# [Action item]
Pull out the lines from the one containing "Garden and My Dog Shirt" through the final line of the listing below and repeat them exactly. Leave the pictures behind.

# [Information provided]
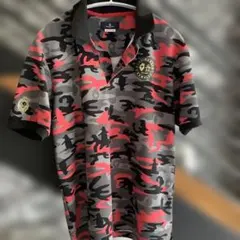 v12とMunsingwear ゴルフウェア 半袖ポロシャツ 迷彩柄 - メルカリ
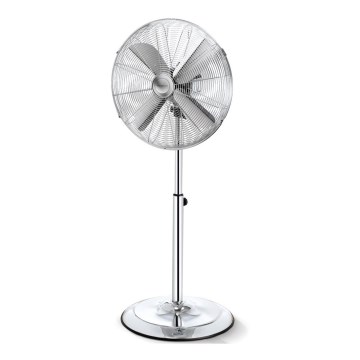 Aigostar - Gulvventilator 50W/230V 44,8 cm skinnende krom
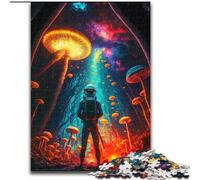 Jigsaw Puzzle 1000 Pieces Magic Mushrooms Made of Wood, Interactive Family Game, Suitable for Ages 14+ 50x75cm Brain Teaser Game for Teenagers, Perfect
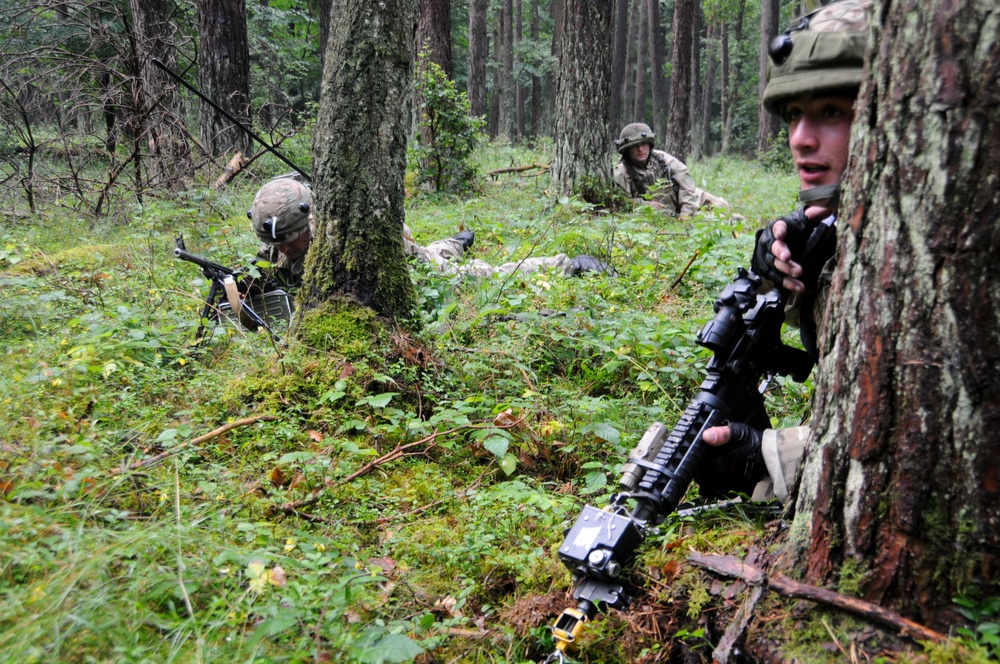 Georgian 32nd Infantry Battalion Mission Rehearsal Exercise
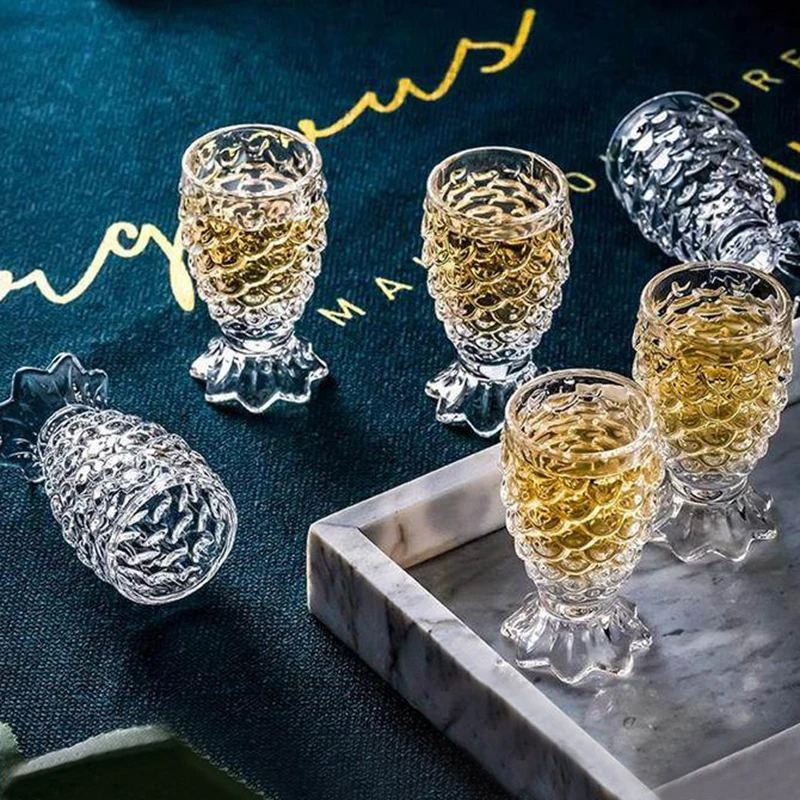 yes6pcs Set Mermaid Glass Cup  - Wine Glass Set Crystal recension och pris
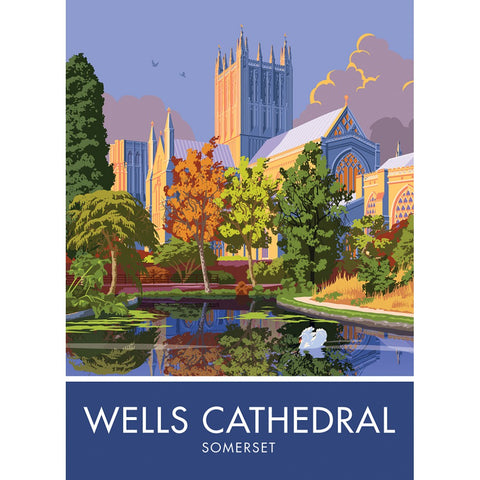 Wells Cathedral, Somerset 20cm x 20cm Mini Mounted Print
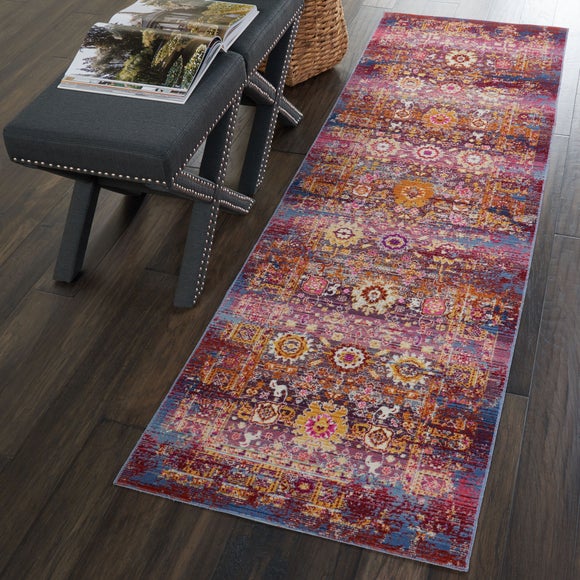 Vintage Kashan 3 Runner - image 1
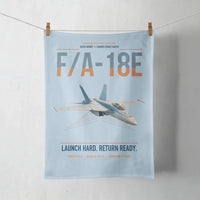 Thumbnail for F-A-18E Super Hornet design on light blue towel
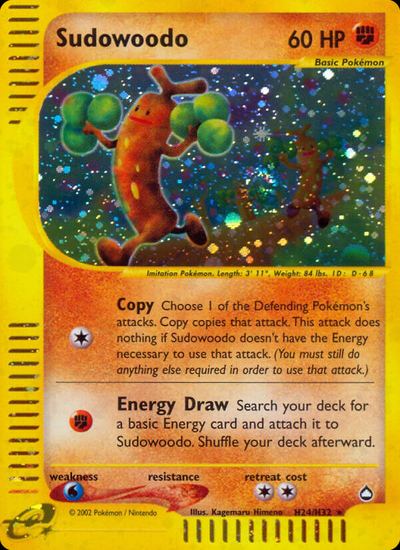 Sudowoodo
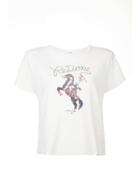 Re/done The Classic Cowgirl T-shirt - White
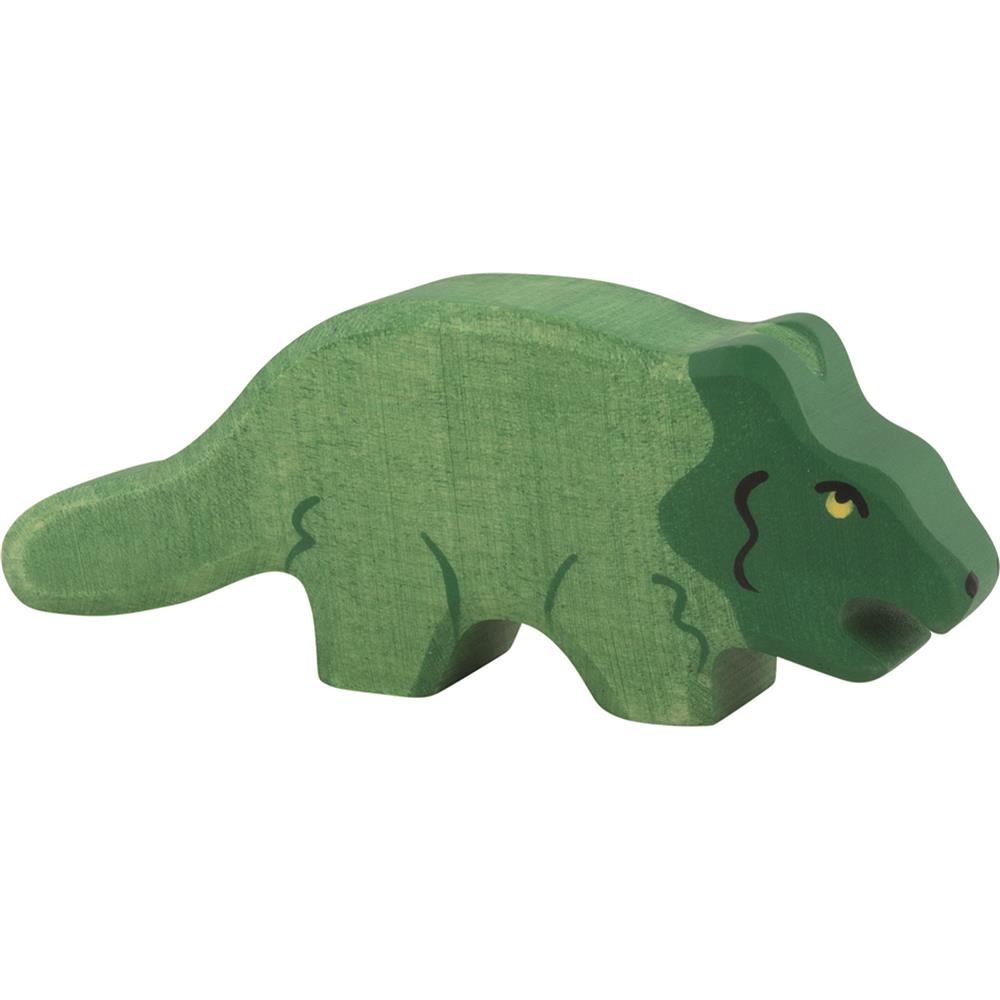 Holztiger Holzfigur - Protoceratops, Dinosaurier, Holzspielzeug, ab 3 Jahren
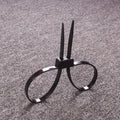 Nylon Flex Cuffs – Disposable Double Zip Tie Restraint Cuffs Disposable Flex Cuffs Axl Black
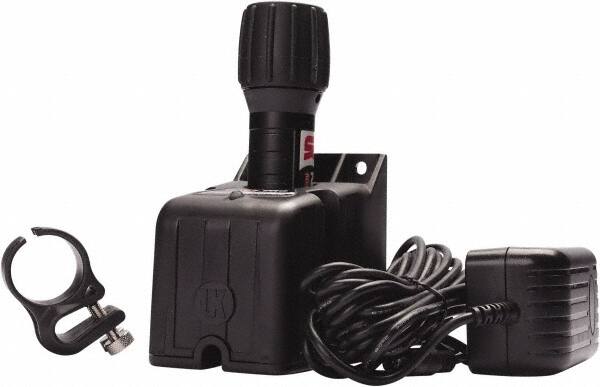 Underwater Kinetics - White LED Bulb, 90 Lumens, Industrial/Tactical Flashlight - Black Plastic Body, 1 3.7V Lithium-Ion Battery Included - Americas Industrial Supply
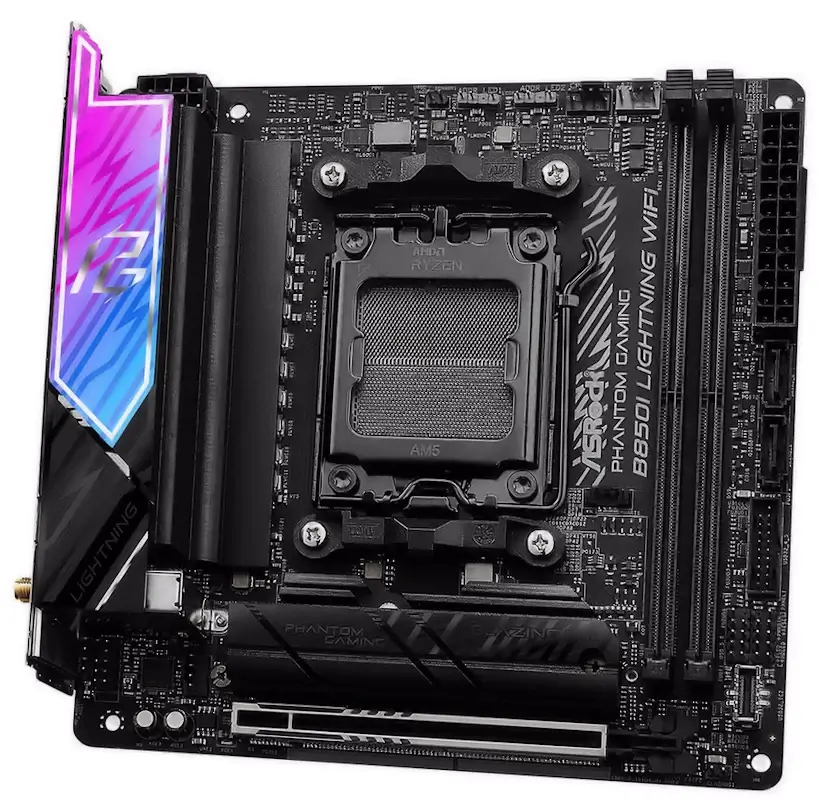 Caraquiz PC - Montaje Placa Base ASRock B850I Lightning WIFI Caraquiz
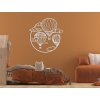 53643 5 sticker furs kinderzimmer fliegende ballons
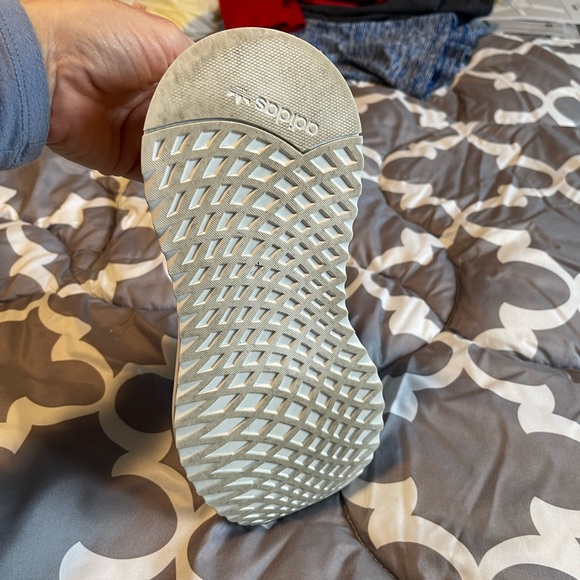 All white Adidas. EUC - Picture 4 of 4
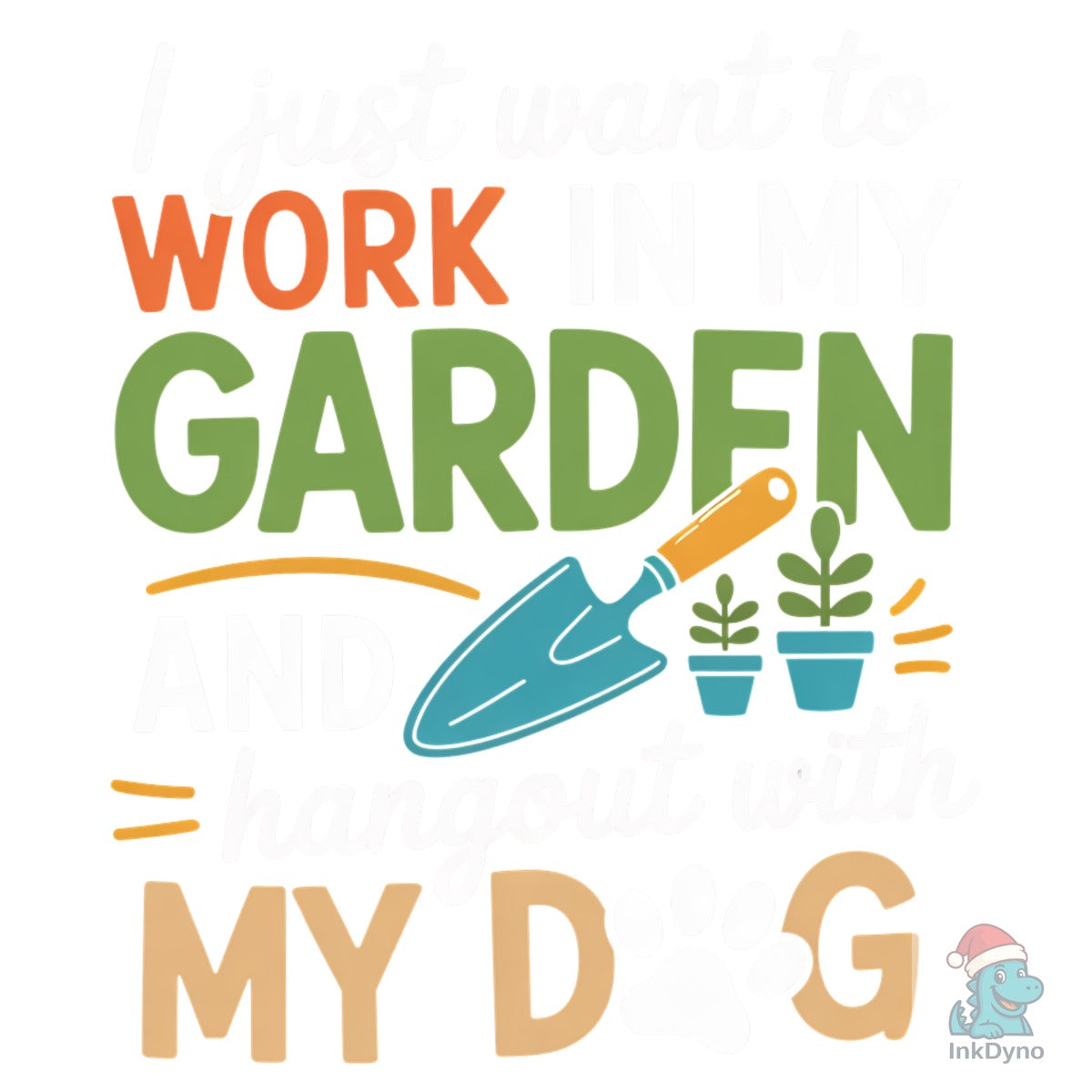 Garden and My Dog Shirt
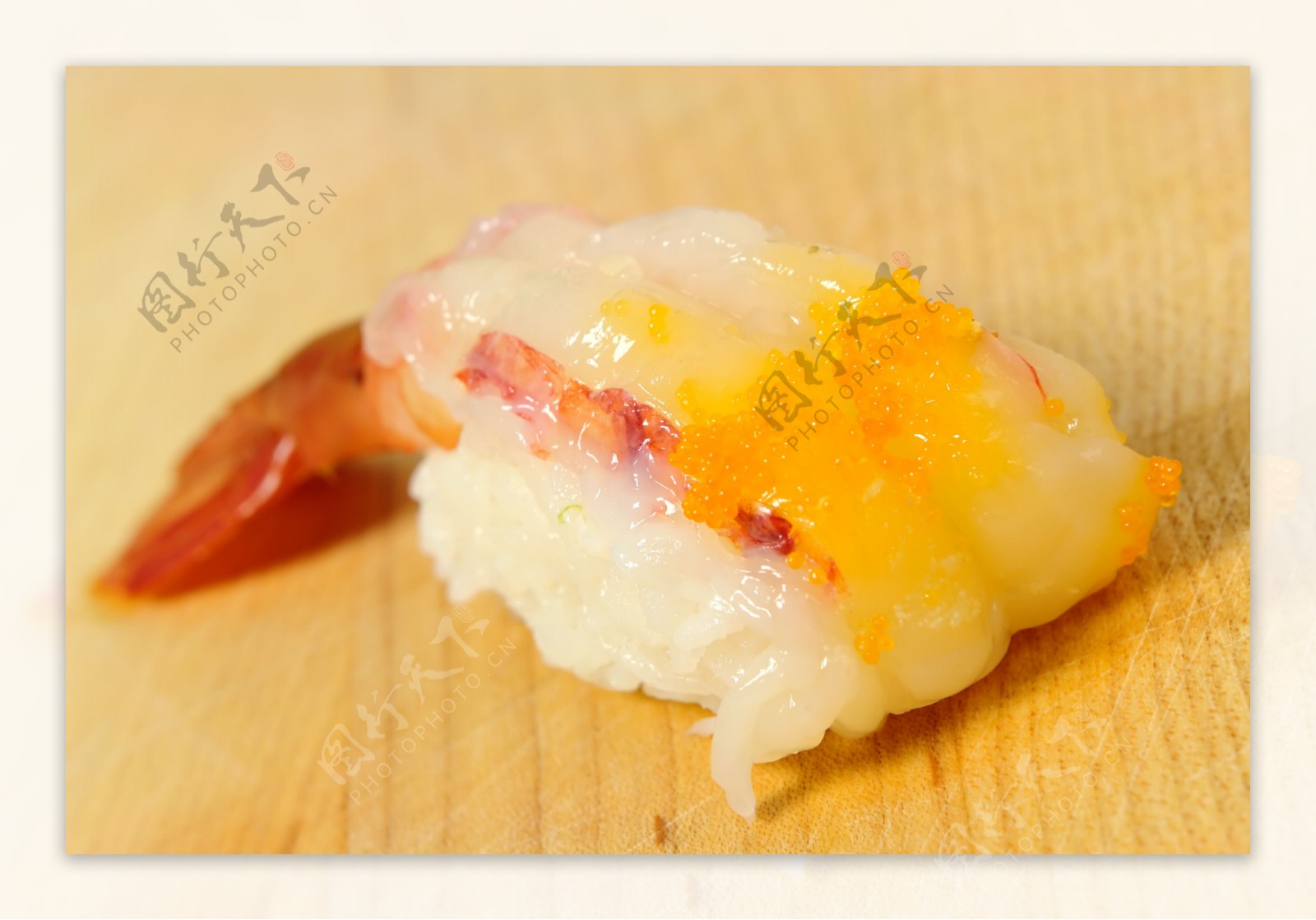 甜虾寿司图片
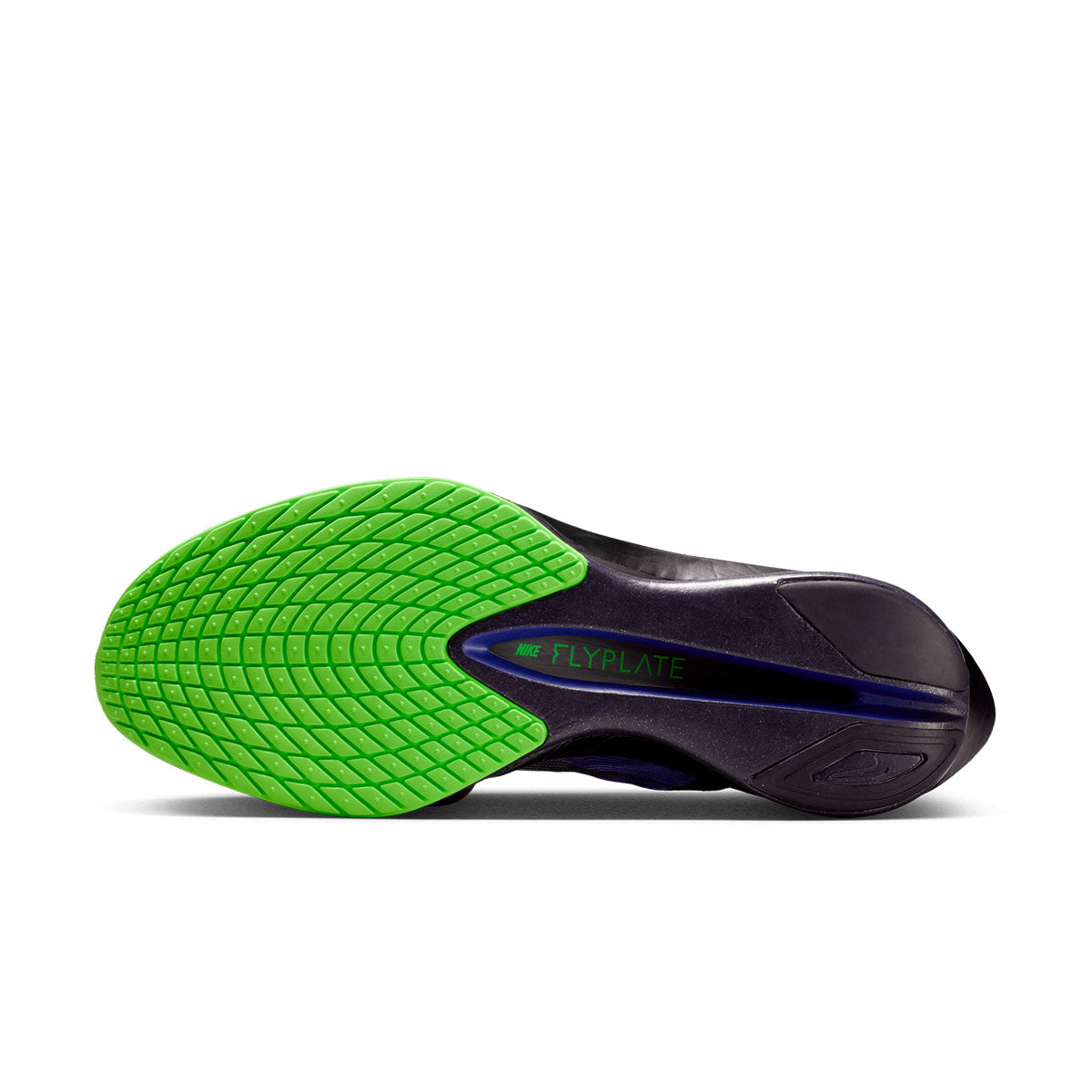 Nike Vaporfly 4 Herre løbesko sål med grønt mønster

# [The answer]
 Garden and My Dog Shirt
 甜虾寿司图片
 Nike Vaporfly 4 Herre løbesko sål med grønt mønster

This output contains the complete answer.